In the event that you want to get the results for all the hits that you have launched on mtc, regardless of what their hit ids are, you can call the following function. It will save a json array where every element is a hit result.

python get_all_hits.py \
  > examples/image_sentence/all_results.txt

Rejecting Work

If you are unhappy with the work done and want to reject the work, you can call the following command (please note that rejecting work harms worker's rating on the site and can influence their ability to find other work):

python reject_hits.py --hit_ids_file=examples/image_sentence/hit_ids.txt

Or you can also reject individual assignments:

python reject_assignments.py --assignment_ids_file=examples/image_sentence/assignment_ids.txt

You can also disable individual hit ids from the command line:

python disable_hit.py --hit_id THE_HIT_ID_YOU_WANT_TO_DISABLE

Blocking Workers

In extreme cases, when you want to prevent a malicious worker from affecting your work, you can use the following commands to block or unblock them using their worker ids. Save the worker ids that you want to block in a file (e.g. worker_ids.txt) and call the following to block workers:

python block_workers.py --worker_ids_file=examples/image_sentence/worker_ids.txt

or to unblock workers:

python unblock_workers.py --worker_ids_file=examples/image_sentence/worker_ids.txt

Running on the production site

To run your HITs on the production AMT site, simply append a --prod flag to each of the above commands.

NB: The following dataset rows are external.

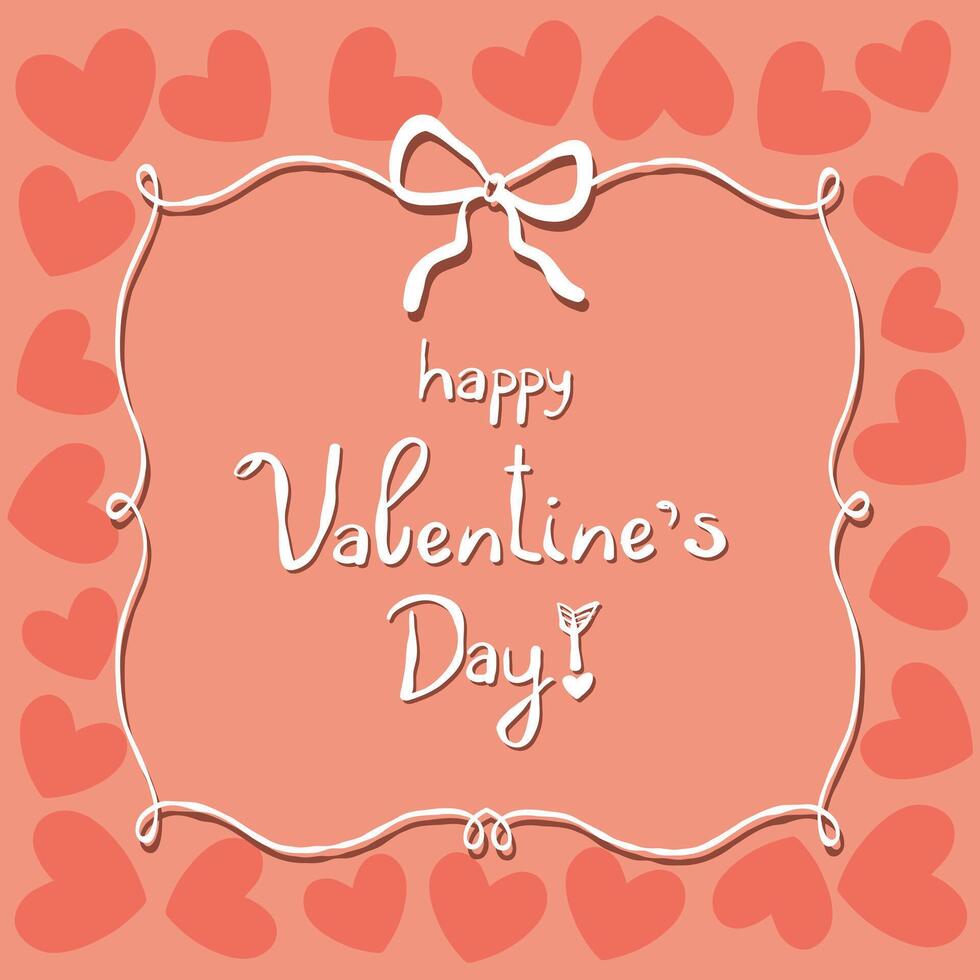 Valentine's day card with frame, inscription and hearts. illustration in flat style vector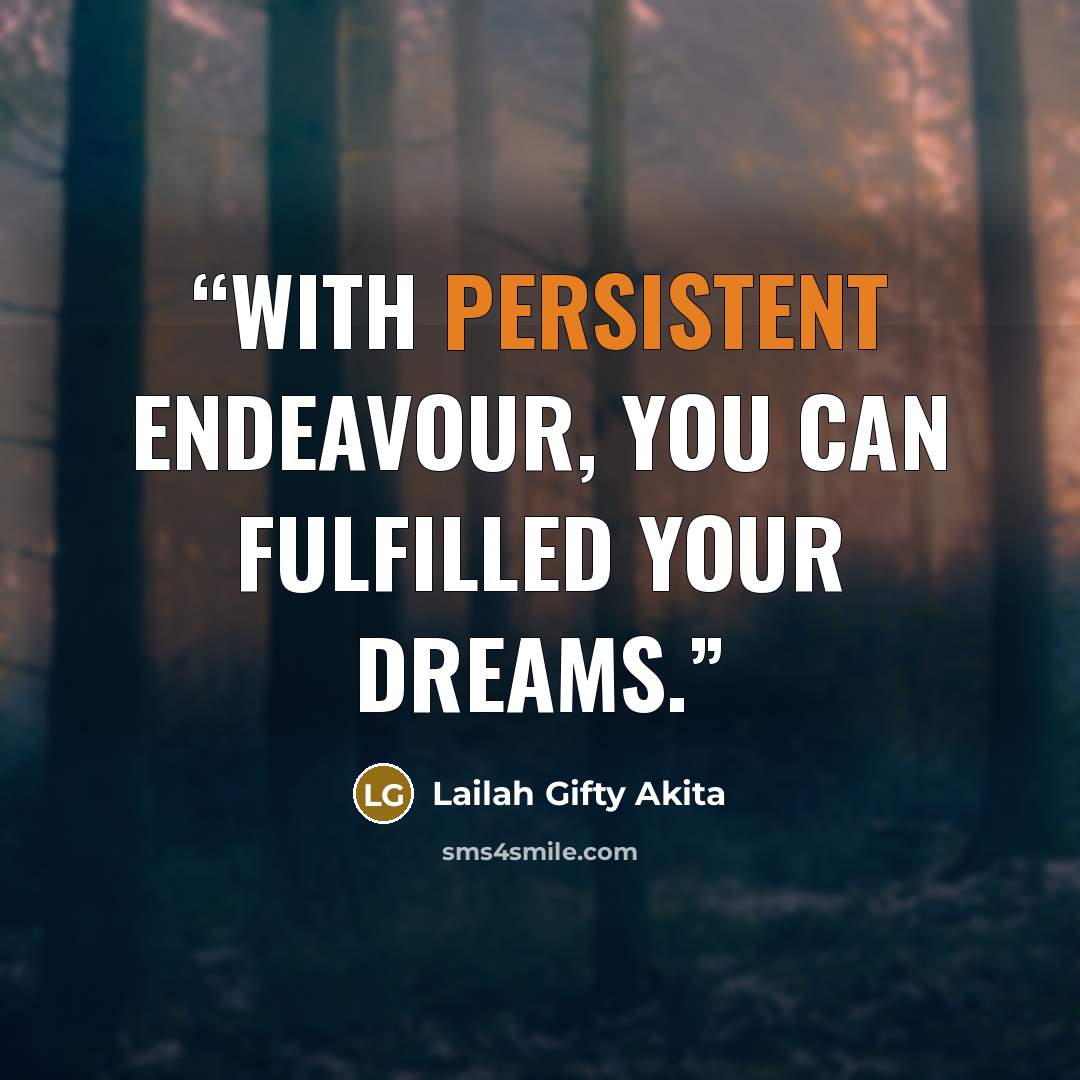 “With persistent endeavour, you can fulfilled your dreams.” quote by Lailah Gifty Akita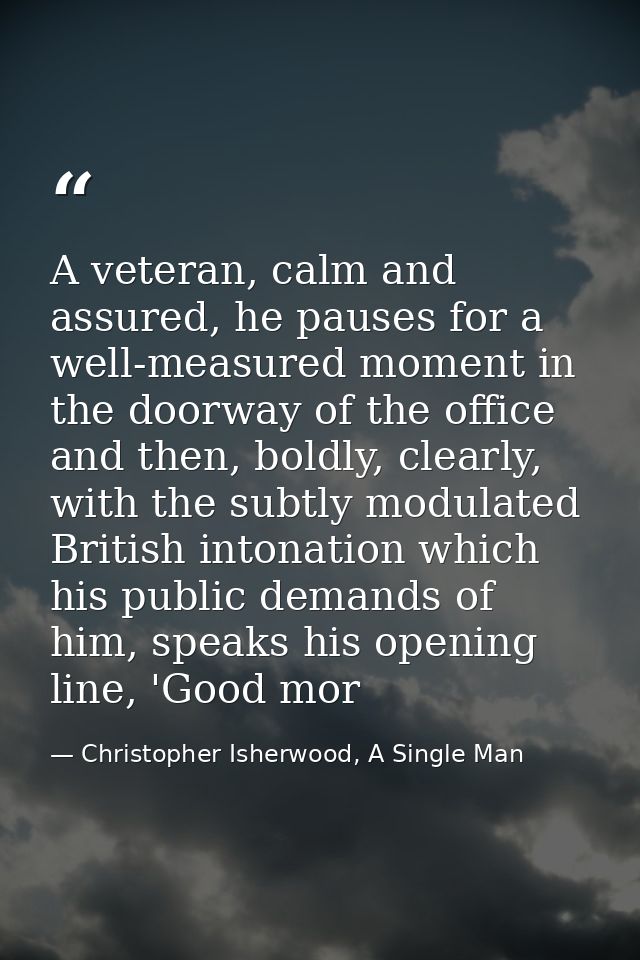 A veteran, calm and assured, he pauses for a well-measured moment in the doorway of the office and then, boldly, clearly — Christopher Isherwood, A Single Man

WARNING: Running HITs on sandbox is free, but running HITs on the production site is not. In order to launch HITs your Mechanical Turk account must have sufficient funds to pay for all HITs; these funds will be held in escrow by Amazon once you launch HITs, and will be paid to workers when you approve assignments.

Creating your own HITs

To create your own HITs, you'll need to do the following:

  1. Create HTML template for HIT UI
  2. Create HIT properties file
  3. Prepare input file

We'll walk through each of these steps in more detail.

Build HIT UI

Building the UI is typically the most time-consuming step in creating a new type of HIT. You will have to do most of the work yourself, but simple-amt can still help. As a running example, we will use the UI defined in hit_templates/simple.html. This is a very basic HIT that asks workers to write an example of a category, like a type of dog or a flavor of ice cream.

If you look at hit_templates/simple.html, you'll notice that it looks like regular HTML except for the line

{% include "simpleamt.html" %}

This includes the file hit_templates/simpleamt.html, which does two things:

  1. Sets up DOM elements where HIT input and output will be stored; the only one of these that you need to know is the submit button, which has the ID #submit-btn.
  2. Sets up a global Javascript object called simpleamt that defines functions for working with Mechanical Turk on the frontend.

The Javascript simpleamt object provides the following functions:

  • simpleamt.getInput(default_input): Attempts to get and parse the input JSON blob to this HIT. If this succeeds, the input JSON blob is returned as a Javascript object. If the input blob cannot be read (either during development when there is no input blob or if it cannot be parsed as valid JSON) then default_input is returned instead. If default_input is not passed to getInput then it defaults to null.
  • simpleamt.setOutput(output): Store the output JSON blob for this HIT. output should be a Javascript object that can be serialized to JSON.
  • simpleamt.isPreview(): Check to see if this HIT is in preview mode. Amazon uses a url parameter called assignmentId to indicate whether a HIT is being previewed. If the parameter does not exist (such as during development) then simpleamt.isPreview returns false.
  • simpleamt.setupSubmit(): This performs a bit of bookkeeping to make it possible to submit results to Amazon. You must call this before the submit button is clicked; if you don't then Amazon will report an error when the user tries to submit the HIT.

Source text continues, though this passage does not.